Beginning with the line that contains "Voicebraid screenshot 4", reproduce every line through the end of the records below exactly, and leave the pictures out.

Captioned web images
_ _ _

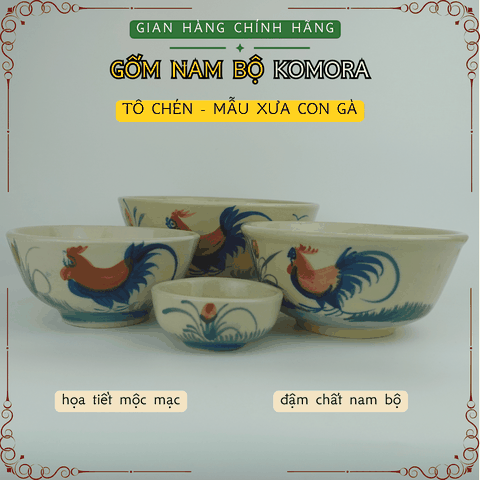 Gốm Nam Bộ - Mẫu Xưa Con Gà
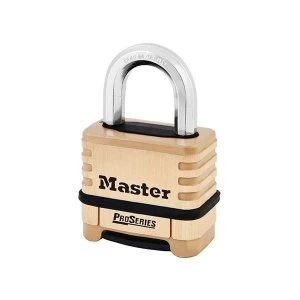 Image of Master Lock ProSeries Brass 4 Digit Padlock 57mm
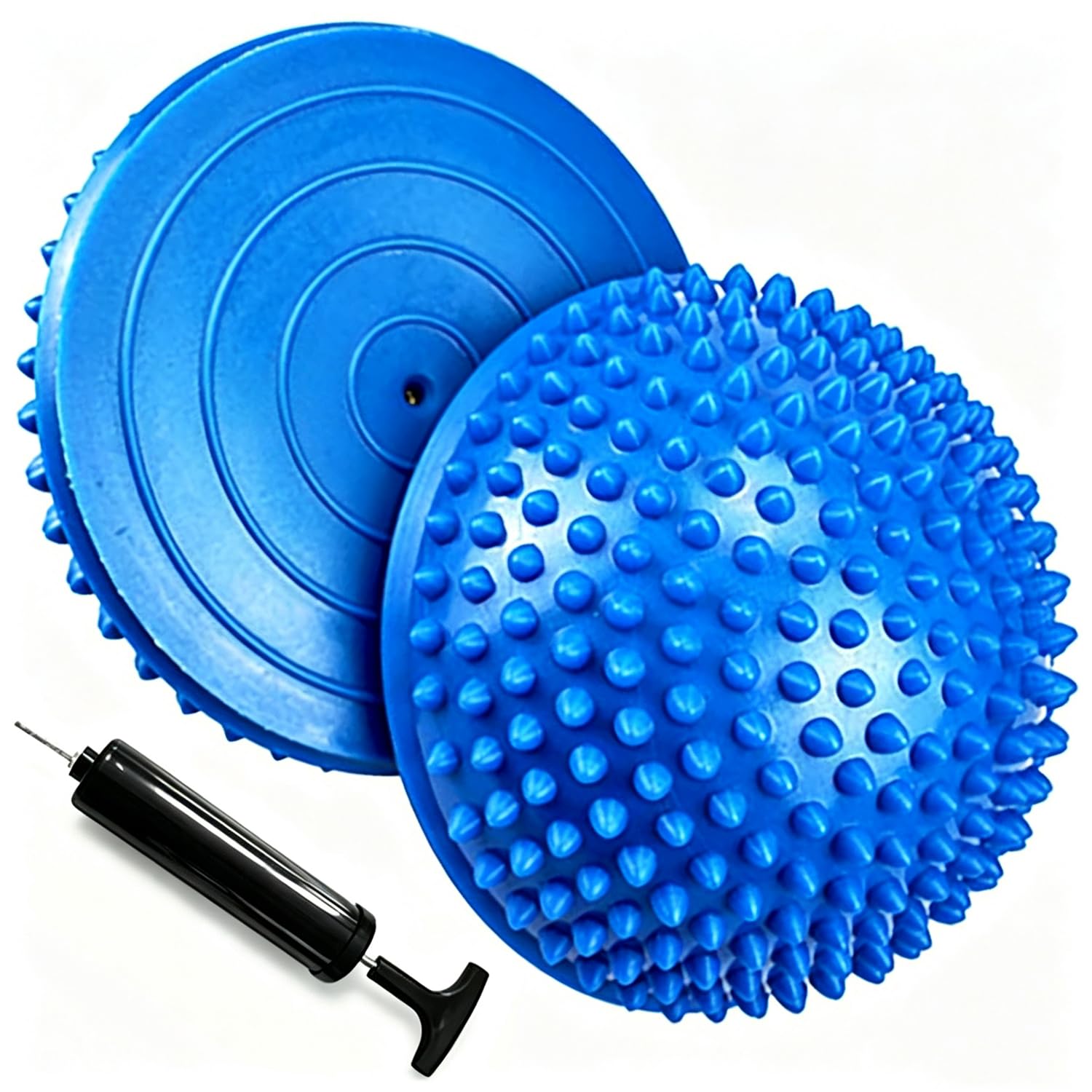 2PCS Hedgehog Balance Pods, Pimples Pilates Ball, Half Spiky Fitness Domes for Kids Adults Sports, Foot Massage, Stability Training, Muscle Balancing Therapy, Motor Skills Yoga Gymnastics Exercise-image-22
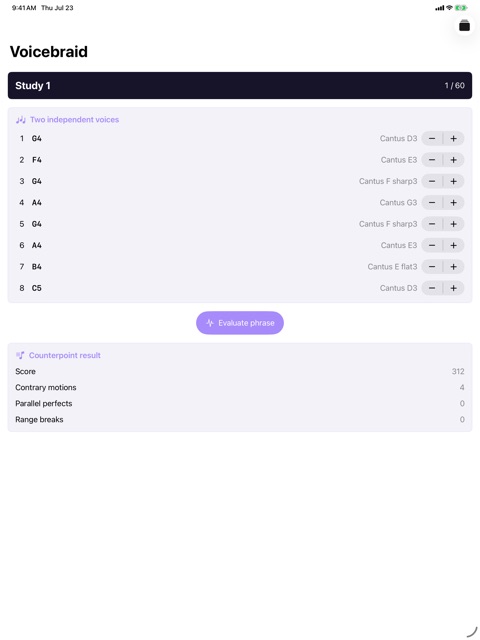 Voicebraid screenshot 4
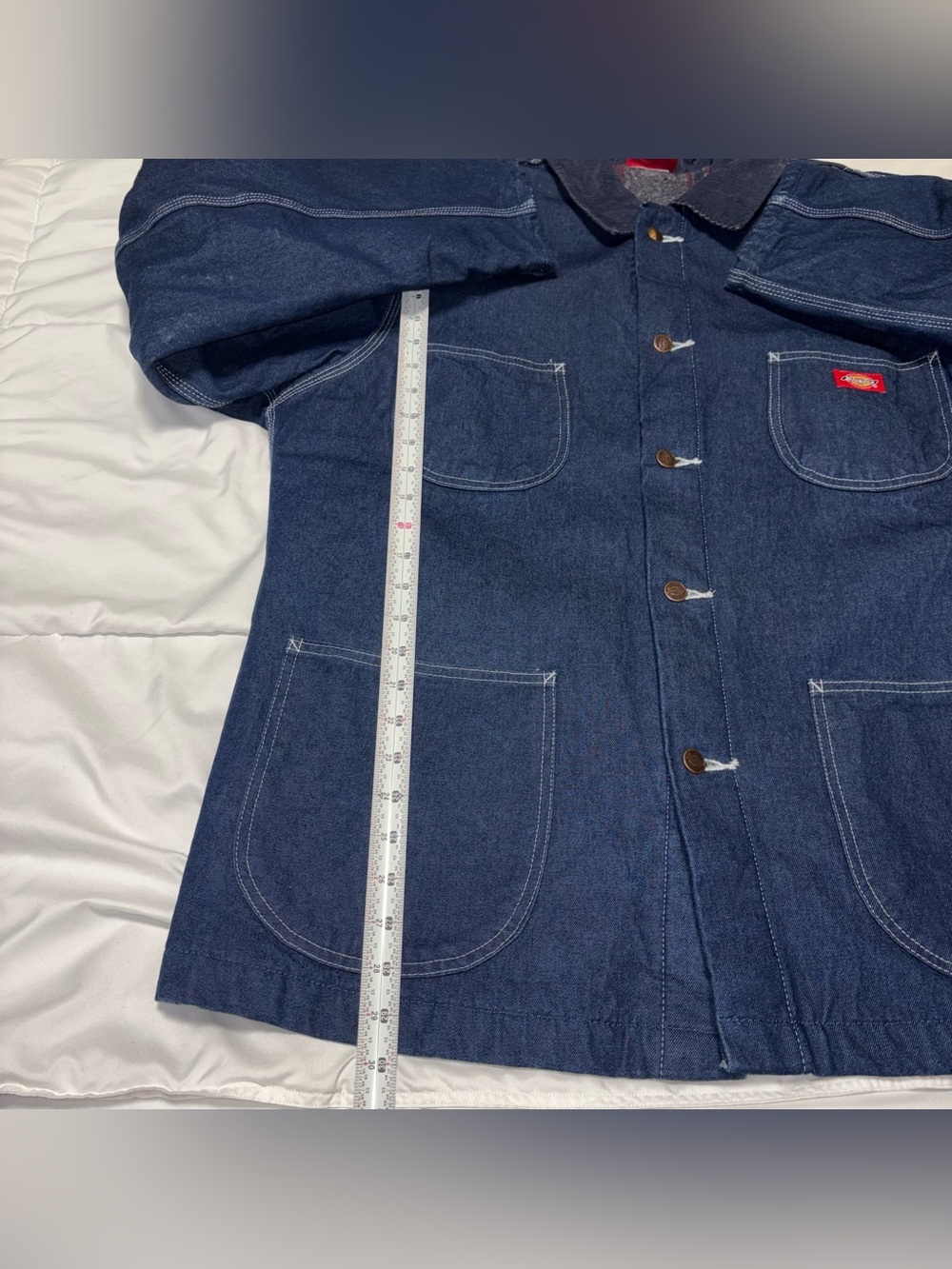 Dickies Blanket Lined Denim Chore Jacket Men’s XL - Picture 4 of 6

_ _ _

• Written answer:
 Voicebraid screenshot 4
 Dickies Blanket Lined Denim Chore Jacket Men’s XL - Picture 4 of 6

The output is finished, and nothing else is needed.